- COLLECTED MATERIAL
BEGIN
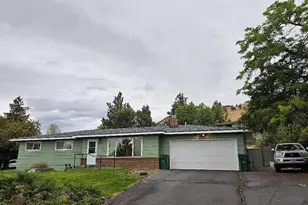 6621 Hilton Dr, Klamath Falls, OR 97603 - Photo 1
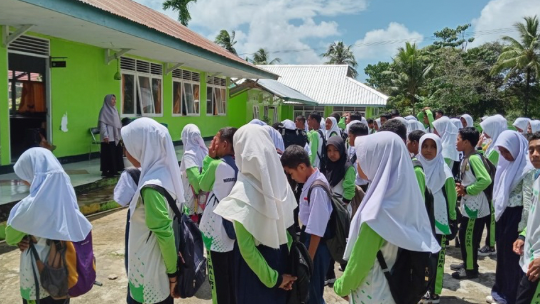 Peserta Didik MTs Negeri 2 Maluku Tenggara Ikuti Apel Siang, Guru Piket: Besok Gladi Bersih Pelantikan Pengurus OSIM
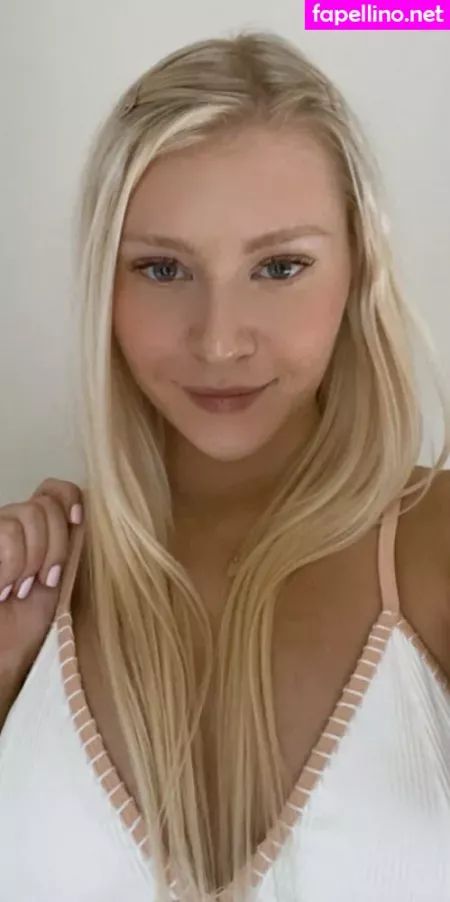 Freshmanblondie18 OnlyFans Thumbnail #JDdrgDJuja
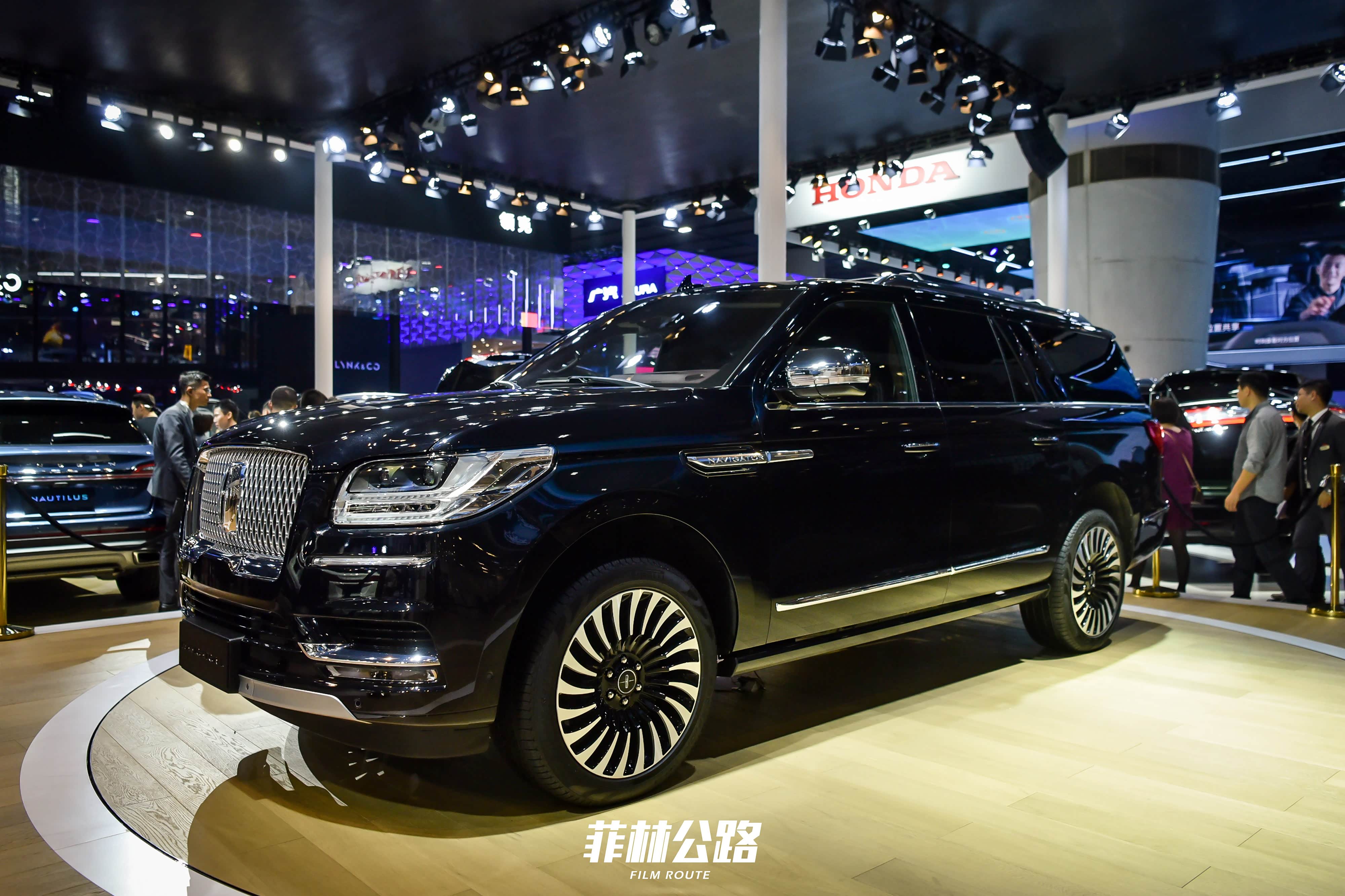 新车实拍#【菲林公路2019广州车展报道 加长版林肯领航员】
END
- EXERCISE PROMPT
Repeat the data word for word. Skip the pictures.

- TASK SOLUTION
 6621 Hilton Dr, Klamath Falls, OR 97603 - Photo 1
 Peserta Didik MTs Negeri 2 Maluku Tenggara Ikuti Apel Siang, Guru Piket: Besok Gladi Bersih Pelantikan Pengurus OSIM
 Freshmanblondie18 OnlyFans Thumbnail #JDdrgDJuja
 新车实拍#【菲林公路2019广州车展报道 加长版林肯领航员】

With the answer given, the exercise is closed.